**The data:**
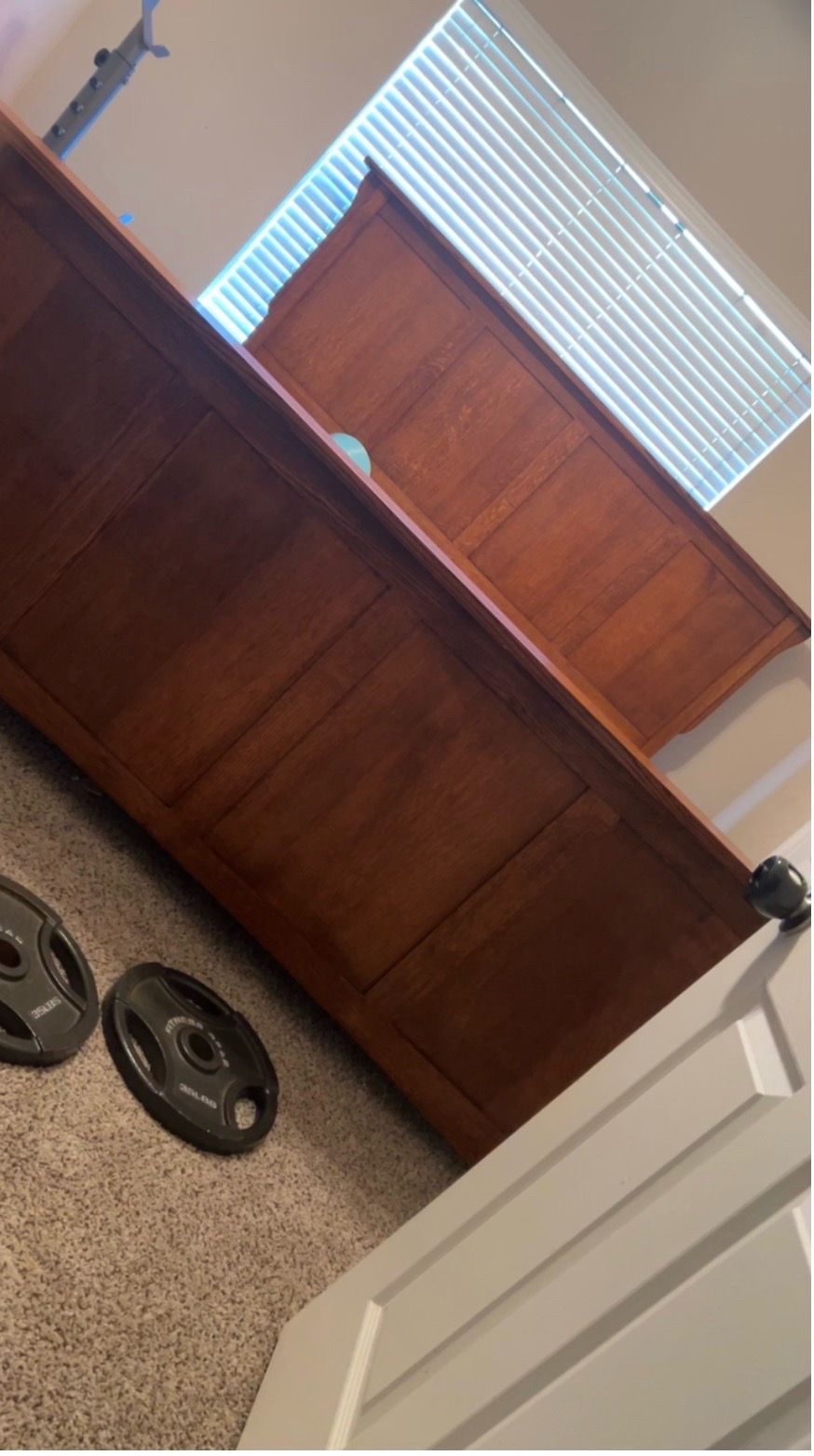 Wooden bed frame. (Oak)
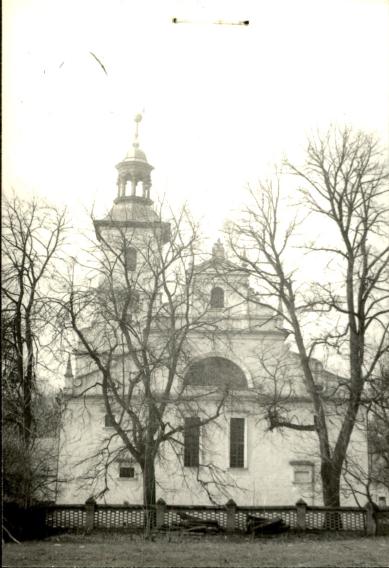 kościół kamedułów, ob. par. pw. Zwiastowania Najśw. Marii Pannie, skan 3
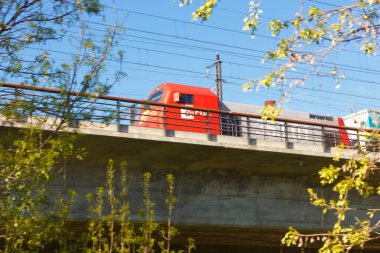 Köprüden geçen bir yük treninin lokomotifi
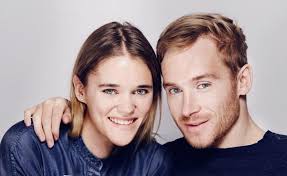 Sarah elena timpe und samuel koch wollen heiraten. Samuel Koch Und Sarah Elena Timpe Sagten Ja Livenet Mobile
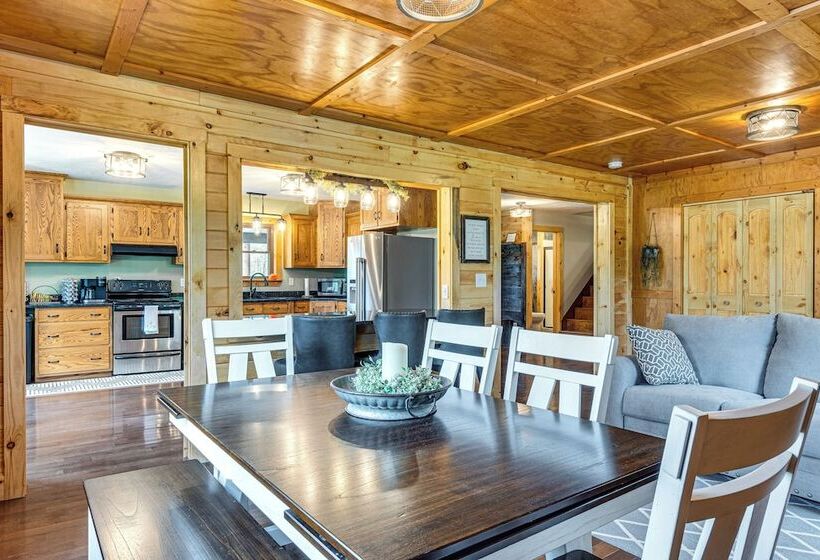 Family Friendly Milton Home On 14 Acres W/ Hot Tub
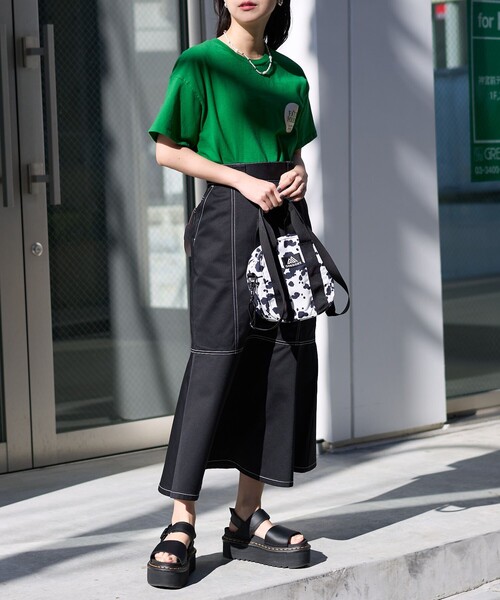 Dickies（ディッキーズ）の「Dickies × FREAK'S STORE/ディッキーズ 別注MERMAID SKIRT/別注マーメイドスカート（スカート・レディース・ブラック/ブルー・SMALL/MEDIUM）」の4枚目の写真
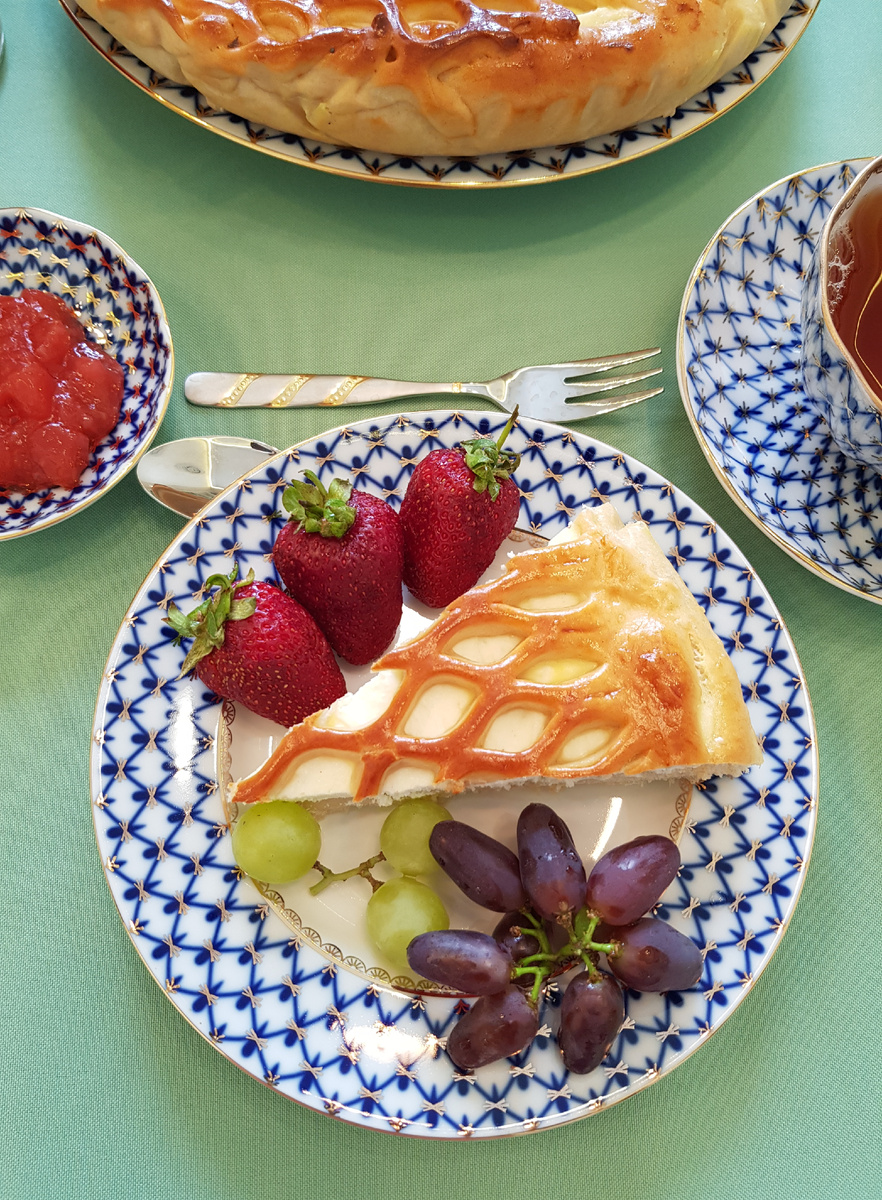 Праздничная ватрушка с творогом: лучший способ порадовать близких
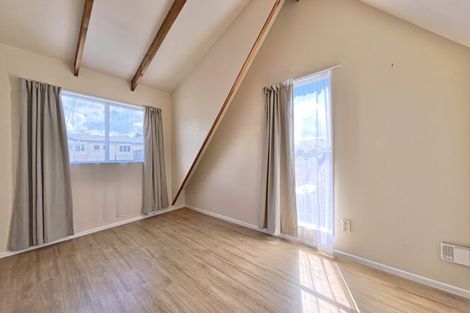 Photo of property in 1/2 Palmer Avenue, Glen Eden, Auckland, 0602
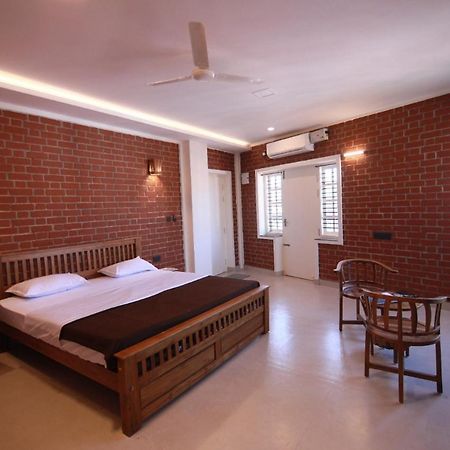 Hotel Wanders In Travel Company Madikeri Exterior foto
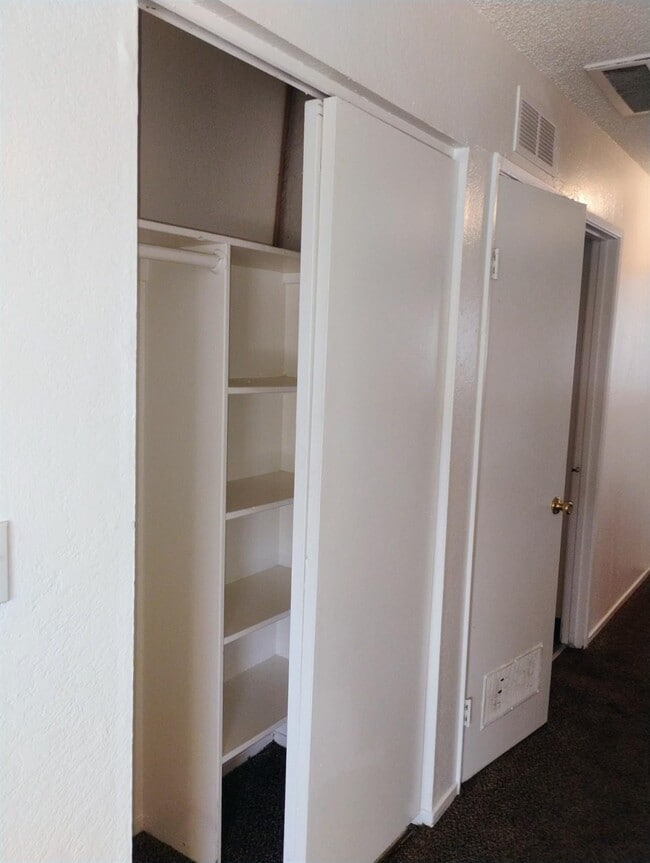 Photo - 655 W Ashlan Ave
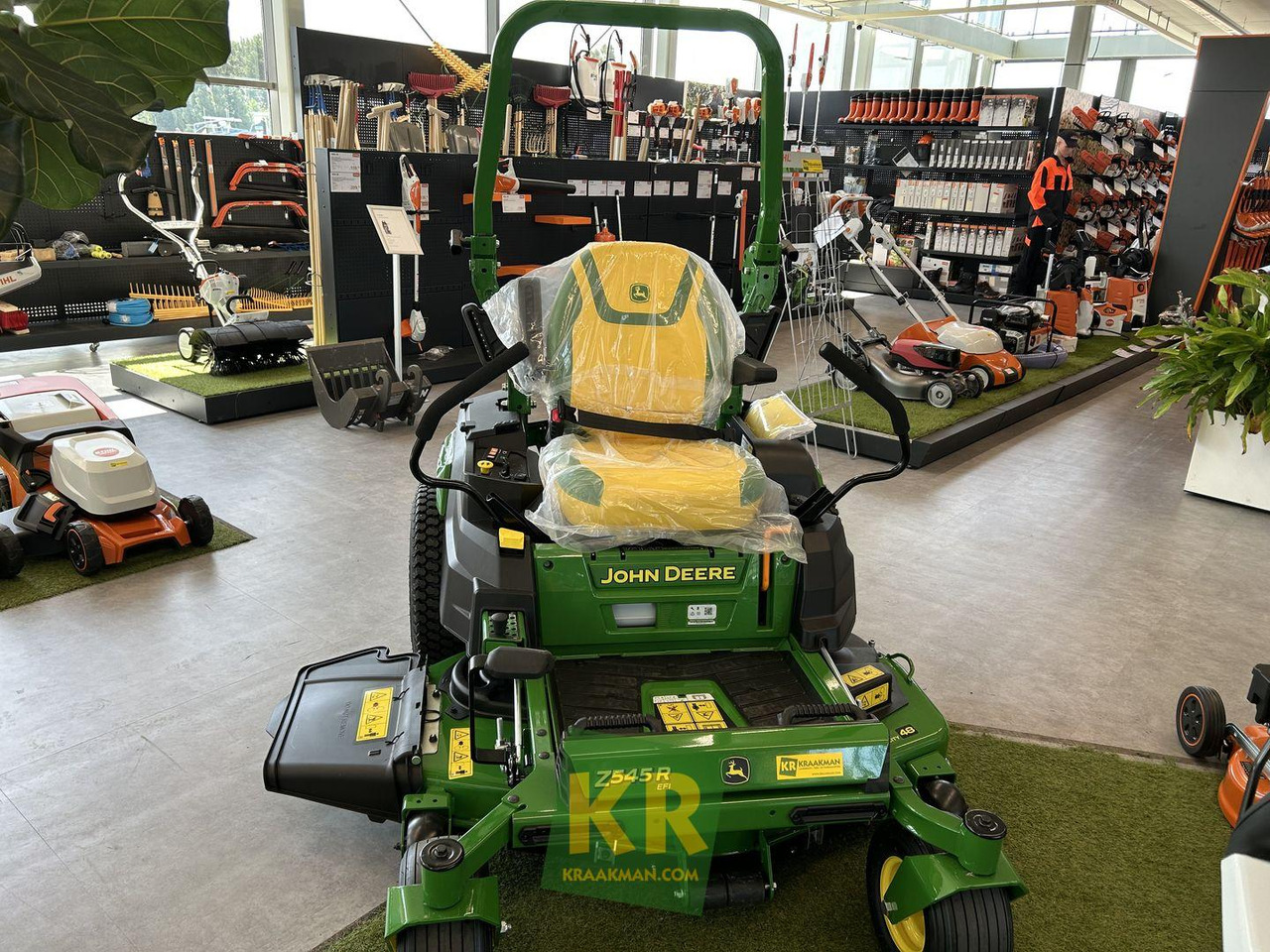 John Deere Z545R - Garden mower: picture 2 John Deere Z545R - Garden mower: picture 2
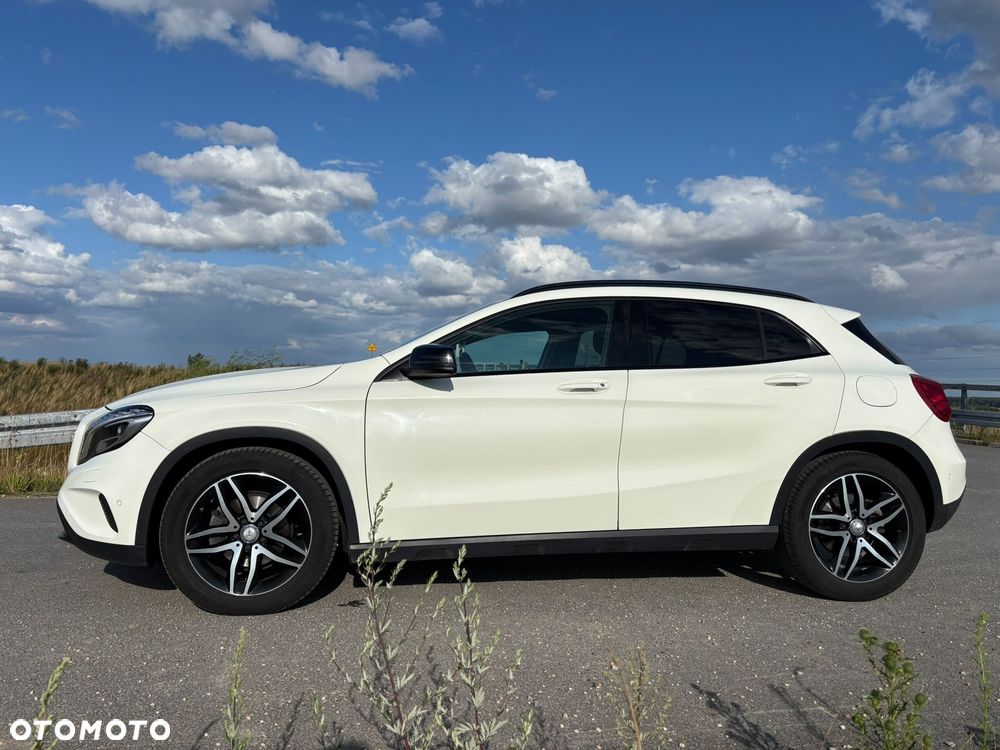 Mercedes-Benz GLA 220 d 4-Matic Urban - 2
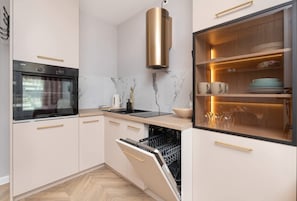 Fridge, oven, stovetop, dishwasher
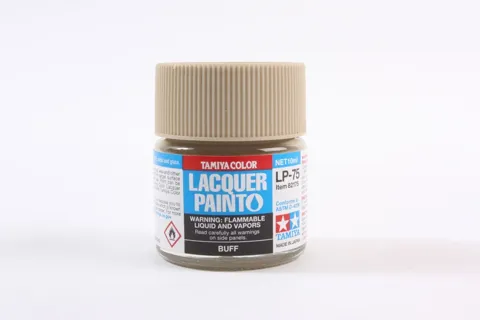Skleněná lahvička lakové barvy Tamiya LP-75 Buff pískově béžová, 10 ml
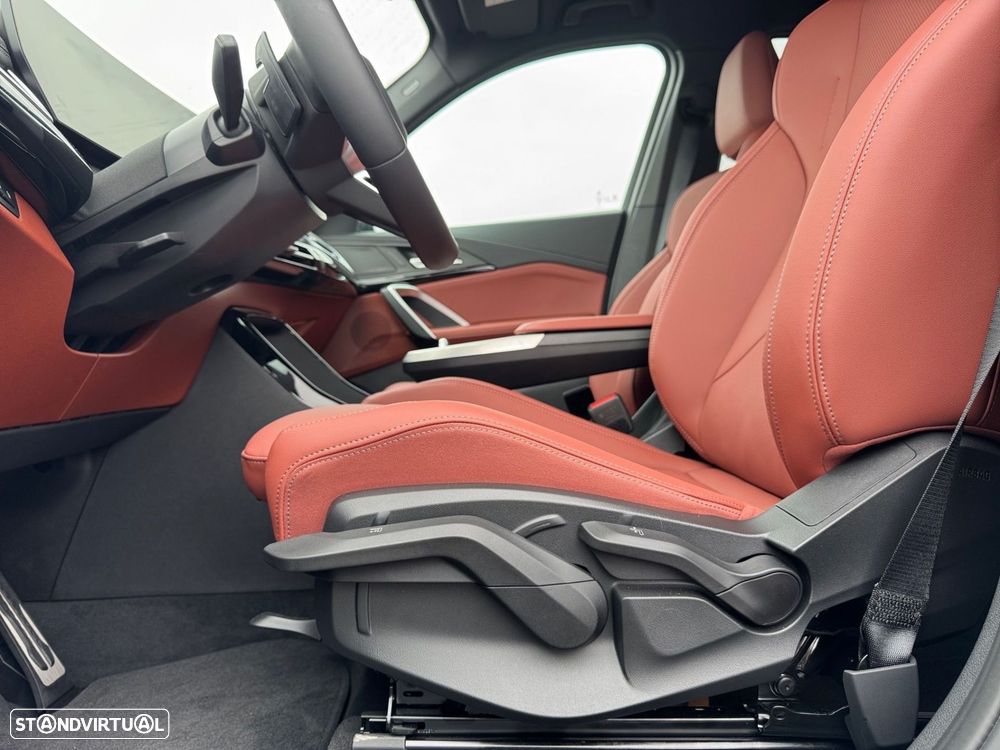 BMW iX1 eDrive20 Edição Desportiva M - 12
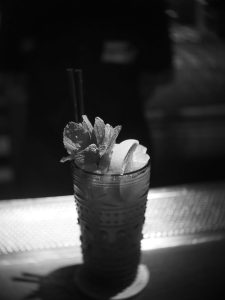 White Monkey: Δώδεκα χρόνια καλοκαίρι 3 White Monkey: Δώδεκα χρόνια καλοκαίρι - FlagInLife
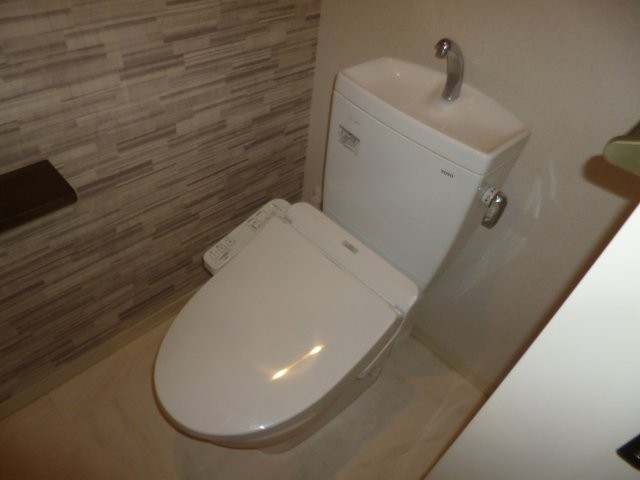 トイレ　ウォシュレット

**Work instruction:** Retype, exactly and only, the lines from the one containing "Праздничная ватрушка с" through the end of the entries, both ends included, and omit all pictures.

**Written response:**
 Праздничная ватрушка с творогом: лучший способ порадовать близких
 Photo of property in 1/2 Palmer Avenue, Glen Eden, Auckland, 0602
 Hotel Wanders In Travel Company Madikeri Exterior foto
 Photo - 655 W Ashlan Ave
 John Deere Z545R - Garden mower: picture 2 John Deere Z545R - Garden mower: picture 2
 Mercedes-Benz GLA 220 d 4-Matic Urban - 2
 Fridge, oven, stovetop, dishwasher
Skleněná lahvička lakové barvy Tamiya LP-75 Buff pískově béžová, 10 ml
 BMW iX1 eDrive20 Edição Desportiva M - 12
 White Monkey: Δώδεκα χρόνια καλοκαίρι 3 White Monkey: Δώδεκα χρόνια καλοκαίρι - FlagInLife
 トイレ　ウォシュレット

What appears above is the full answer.